The relative contributions of the sediment derived from different sources in the study area were assessed using the USGS Sediment Source Assessment Tool (Sed_SAT; Gorman Sanisaca and others, 2017). This software tool performs the computational steps required to identify the sediment fingerprint for each source type and then to apportion sediment contributions in target samples.

Identifying the fingerprint for each source type requires evaluation for various corrections and required statistical assumptions before using a linear discriminant function analysis (DFA) to characterize each source type (fig. 3). The model was evaluated for particle size corrections, transformations of individual variables for normality, and outlier effects. Correction for organic content was not used for this study, and imputation for non-detect values was not needed. Outliers greater than three times the standard deviation from the mean were carefully evaluated and only removed if they appeared to bias the model. For example, if removing an outlier resulted in a DFA that no longer included the tracer that was causing the sample to be flagged as an outlier, that outlier was removed. Outliers were retained if they were needed to allow the model to pass the bracket test for that tracer, a rough test for conservative tracer behavior. Overall, four outliers were removed, one outlier was retained, and two additional samples were excluded because they were missing size data. Excluded tracers were either heavily censored (many non-detect values) or the tracer was excluded rather than removing samples identified as outliers for these tracers.

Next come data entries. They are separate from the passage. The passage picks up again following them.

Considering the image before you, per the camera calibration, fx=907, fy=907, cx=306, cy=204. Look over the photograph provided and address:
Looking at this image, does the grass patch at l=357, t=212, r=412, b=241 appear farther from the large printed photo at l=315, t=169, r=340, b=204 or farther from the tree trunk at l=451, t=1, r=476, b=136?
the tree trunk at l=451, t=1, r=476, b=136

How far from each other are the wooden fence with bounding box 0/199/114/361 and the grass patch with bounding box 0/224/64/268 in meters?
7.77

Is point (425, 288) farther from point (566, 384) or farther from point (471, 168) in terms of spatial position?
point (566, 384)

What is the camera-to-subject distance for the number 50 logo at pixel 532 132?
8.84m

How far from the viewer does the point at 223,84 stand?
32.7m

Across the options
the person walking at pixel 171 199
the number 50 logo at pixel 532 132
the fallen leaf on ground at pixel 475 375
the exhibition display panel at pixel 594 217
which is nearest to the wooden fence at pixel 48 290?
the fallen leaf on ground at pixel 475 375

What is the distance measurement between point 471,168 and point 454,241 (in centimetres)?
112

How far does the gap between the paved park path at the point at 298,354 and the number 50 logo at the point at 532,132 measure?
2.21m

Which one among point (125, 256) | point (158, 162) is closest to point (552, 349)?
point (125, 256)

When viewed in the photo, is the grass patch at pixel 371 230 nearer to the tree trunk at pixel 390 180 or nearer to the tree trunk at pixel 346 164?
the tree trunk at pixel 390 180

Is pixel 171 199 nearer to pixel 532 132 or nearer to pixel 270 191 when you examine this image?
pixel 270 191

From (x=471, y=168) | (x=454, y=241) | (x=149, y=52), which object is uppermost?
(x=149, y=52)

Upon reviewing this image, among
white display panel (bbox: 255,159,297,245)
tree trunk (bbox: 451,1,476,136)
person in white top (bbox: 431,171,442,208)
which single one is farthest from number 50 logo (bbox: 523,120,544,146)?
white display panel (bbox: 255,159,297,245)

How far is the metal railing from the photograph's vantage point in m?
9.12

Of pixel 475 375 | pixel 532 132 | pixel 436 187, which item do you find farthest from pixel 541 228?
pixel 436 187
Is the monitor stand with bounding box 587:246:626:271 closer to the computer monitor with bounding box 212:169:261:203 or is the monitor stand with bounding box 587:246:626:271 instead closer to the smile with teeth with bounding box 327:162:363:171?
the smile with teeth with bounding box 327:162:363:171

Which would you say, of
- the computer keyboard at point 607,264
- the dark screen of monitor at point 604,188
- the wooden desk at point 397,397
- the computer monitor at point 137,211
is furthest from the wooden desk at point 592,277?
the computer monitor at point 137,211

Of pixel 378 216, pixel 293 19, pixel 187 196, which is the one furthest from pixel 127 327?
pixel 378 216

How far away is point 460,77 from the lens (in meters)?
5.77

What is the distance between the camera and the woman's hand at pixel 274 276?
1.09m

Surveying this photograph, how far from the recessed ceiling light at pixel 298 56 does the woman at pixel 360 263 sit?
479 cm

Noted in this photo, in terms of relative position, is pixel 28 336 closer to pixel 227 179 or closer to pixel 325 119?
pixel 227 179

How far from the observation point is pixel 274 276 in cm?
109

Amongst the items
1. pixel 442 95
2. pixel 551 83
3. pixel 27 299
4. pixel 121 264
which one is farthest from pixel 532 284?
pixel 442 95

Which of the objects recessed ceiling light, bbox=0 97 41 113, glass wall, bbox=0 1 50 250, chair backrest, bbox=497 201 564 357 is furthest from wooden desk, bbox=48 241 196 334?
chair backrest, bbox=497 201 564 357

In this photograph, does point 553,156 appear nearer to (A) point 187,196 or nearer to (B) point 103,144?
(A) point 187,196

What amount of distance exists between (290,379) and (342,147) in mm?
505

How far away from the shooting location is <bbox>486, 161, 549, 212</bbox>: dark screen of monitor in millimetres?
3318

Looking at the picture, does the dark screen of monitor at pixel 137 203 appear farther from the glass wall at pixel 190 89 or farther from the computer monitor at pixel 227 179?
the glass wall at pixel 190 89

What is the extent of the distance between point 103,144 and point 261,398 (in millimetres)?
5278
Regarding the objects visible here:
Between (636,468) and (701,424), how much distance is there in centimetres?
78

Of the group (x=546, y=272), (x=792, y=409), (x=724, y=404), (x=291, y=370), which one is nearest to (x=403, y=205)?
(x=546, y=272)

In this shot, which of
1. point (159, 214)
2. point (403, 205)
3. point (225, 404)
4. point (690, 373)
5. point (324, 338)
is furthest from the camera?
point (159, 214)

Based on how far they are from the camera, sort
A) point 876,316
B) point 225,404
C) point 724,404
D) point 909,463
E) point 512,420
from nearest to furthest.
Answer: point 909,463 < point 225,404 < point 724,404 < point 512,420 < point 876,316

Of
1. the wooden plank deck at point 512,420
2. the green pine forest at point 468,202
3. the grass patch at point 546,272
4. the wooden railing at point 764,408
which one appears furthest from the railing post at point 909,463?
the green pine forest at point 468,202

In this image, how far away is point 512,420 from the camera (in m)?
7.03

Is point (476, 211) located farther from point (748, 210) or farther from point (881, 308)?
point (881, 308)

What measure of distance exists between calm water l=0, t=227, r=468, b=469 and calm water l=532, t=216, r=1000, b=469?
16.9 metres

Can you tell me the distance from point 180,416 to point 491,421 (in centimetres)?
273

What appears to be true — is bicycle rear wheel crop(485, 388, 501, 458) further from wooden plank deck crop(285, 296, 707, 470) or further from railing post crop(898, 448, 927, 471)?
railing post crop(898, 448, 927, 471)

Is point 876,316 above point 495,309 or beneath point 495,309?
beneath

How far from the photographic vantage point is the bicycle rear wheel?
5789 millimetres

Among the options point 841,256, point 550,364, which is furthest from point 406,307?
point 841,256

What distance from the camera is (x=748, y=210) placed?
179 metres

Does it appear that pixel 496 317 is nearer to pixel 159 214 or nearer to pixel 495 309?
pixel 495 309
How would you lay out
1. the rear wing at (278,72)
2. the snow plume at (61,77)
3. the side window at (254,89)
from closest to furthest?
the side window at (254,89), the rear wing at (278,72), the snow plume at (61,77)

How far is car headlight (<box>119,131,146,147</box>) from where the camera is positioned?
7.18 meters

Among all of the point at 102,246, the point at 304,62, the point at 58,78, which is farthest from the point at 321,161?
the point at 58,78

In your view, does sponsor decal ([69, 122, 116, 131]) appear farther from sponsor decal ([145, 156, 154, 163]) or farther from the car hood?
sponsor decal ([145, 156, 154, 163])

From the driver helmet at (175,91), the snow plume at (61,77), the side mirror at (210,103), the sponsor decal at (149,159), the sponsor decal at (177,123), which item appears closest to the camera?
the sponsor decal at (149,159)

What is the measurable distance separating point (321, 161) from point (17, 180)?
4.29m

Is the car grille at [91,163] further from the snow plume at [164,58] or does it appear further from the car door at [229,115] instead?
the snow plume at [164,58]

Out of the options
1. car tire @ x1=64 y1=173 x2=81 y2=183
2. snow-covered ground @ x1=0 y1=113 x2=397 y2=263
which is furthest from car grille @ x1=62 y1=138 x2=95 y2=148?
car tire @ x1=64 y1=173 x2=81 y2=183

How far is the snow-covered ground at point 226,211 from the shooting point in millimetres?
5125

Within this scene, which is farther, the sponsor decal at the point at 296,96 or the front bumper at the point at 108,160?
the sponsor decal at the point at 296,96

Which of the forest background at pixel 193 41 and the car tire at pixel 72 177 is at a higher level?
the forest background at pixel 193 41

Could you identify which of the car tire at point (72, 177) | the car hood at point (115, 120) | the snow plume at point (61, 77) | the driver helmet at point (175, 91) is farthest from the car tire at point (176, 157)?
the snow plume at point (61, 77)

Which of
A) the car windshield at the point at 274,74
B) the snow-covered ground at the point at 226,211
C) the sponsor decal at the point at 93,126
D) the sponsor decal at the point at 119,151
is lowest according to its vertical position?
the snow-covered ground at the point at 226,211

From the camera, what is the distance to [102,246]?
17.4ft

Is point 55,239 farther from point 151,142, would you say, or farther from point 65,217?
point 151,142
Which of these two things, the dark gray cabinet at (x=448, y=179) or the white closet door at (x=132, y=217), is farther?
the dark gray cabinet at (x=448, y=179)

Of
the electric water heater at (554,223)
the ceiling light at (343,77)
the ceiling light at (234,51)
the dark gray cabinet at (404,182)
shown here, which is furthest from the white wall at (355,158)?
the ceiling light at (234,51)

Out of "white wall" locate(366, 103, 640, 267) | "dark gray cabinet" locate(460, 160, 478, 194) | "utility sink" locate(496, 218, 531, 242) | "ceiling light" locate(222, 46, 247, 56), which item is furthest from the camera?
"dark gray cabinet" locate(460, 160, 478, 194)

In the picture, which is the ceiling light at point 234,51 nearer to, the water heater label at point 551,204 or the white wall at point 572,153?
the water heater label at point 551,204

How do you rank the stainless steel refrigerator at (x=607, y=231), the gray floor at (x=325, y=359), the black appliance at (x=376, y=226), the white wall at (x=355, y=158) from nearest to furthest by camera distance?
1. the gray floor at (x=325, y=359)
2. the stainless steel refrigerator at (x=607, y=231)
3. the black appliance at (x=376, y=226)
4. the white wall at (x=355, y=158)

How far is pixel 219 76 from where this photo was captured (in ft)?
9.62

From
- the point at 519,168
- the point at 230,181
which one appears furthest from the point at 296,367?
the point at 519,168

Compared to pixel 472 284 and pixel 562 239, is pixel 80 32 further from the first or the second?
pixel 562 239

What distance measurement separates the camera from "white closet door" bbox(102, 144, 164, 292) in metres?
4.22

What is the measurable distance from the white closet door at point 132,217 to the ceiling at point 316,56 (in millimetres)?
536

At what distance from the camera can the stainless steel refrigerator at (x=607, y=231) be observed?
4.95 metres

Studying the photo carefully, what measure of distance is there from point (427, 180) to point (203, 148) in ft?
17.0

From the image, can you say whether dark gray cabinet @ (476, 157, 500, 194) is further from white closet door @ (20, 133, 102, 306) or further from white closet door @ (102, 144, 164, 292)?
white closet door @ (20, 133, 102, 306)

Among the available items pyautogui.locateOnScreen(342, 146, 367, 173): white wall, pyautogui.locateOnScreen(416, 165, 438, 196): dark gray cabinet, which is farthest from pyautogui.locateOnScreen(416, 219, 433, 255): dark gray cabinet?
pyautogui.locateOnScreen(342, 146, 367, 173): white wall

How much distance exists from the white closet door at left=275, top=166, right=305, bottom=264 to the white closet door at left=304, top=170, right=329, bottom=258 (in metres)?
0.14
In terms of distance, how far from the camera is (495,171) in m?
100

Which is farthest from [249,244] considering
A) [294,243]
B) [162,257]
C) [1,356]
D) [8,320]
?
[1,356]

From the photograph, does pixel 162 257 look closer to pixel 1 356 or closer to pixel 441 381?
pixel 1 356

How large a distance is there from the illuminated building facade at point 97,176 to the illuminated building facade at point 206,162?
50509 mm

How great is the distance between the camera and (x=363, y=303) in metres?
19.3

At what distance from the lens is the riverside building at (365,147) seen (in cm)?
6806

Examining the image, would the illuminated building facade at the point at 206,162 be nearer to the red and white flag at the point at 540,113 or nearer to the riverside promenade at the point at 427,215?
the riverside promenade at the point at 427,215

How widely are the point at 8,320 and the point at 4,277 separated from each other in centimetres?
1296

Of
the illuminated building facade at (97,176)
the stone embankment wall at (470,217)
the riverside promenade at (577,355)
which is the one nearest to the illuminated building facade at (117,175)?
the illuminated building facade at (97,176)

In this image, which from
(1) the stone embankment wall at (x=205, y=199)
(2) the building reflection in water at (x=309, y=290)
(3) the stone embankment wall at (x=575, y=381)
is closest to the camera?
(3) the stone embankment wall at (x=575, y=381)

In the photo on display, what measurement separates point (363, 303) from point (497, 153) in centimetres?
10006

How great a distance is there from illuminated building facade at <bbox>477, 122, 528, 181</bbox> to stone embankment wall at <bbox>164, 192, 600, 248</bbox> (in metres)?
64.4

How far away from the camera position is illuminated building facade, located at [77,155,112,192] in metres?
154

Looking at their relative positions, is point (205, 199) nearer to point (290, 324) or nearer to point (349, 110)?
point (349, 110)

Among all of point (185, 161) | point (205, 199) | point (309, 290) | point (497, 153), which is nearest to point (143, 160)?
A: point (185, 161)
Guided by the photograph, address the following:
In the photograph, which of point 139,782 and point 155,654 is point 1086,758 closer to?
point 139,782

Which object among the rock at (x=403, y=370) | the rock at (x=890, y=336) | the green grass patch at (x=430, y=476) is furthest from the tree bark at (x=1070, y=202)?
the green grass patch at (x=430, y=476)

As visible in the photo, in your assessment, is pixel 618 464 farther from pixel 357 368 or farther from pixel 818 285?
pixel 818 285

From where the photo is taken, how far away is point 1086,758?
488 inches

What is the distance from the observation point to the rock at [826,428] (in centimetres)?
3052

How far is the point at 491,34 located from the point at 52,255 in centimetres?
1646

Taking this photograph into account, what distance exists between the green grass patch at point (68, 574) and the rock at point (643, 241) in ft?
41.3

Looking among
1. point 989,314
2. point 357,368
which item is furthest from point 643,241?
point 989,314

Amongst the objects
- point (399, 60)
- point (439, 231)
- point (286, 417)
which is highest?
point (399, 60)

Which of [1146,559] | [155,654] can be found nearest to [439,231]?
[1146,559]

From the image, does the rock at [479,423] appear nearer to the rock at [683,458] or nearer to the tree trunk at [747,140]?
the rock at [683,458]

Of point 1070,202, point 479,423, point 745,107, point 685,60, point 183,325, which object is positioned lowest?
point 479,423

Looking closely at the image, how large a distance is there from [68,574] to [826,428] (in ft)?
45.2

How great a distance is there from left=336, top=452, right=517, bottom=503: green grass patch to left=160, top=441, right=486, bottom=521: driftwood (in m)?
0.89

Scatter plot with three clusters of point symbols by land use circled with little
overlap and few points outside each category. — Figure 3.
Graph showing linear discriminant function biplot and separation of source categories.

The Sed_SAT software then uses the source characterization from the DFA in an unmixing model to define relative contributions for each source type in target samples. A Monte Carlo simulation, randomly removing one sample from each source group at each iteration, was used to validate the DFA model and to compute model error statistics. The unmixing model was also applied to source samples, to verify the source samples were correctly identified. Sources that were not consistently attributed as the majority of the correct source type were evaluated to reclassify source categories. The final model included a combined category for pasture and forested upland sources because these categories were not well differentiated.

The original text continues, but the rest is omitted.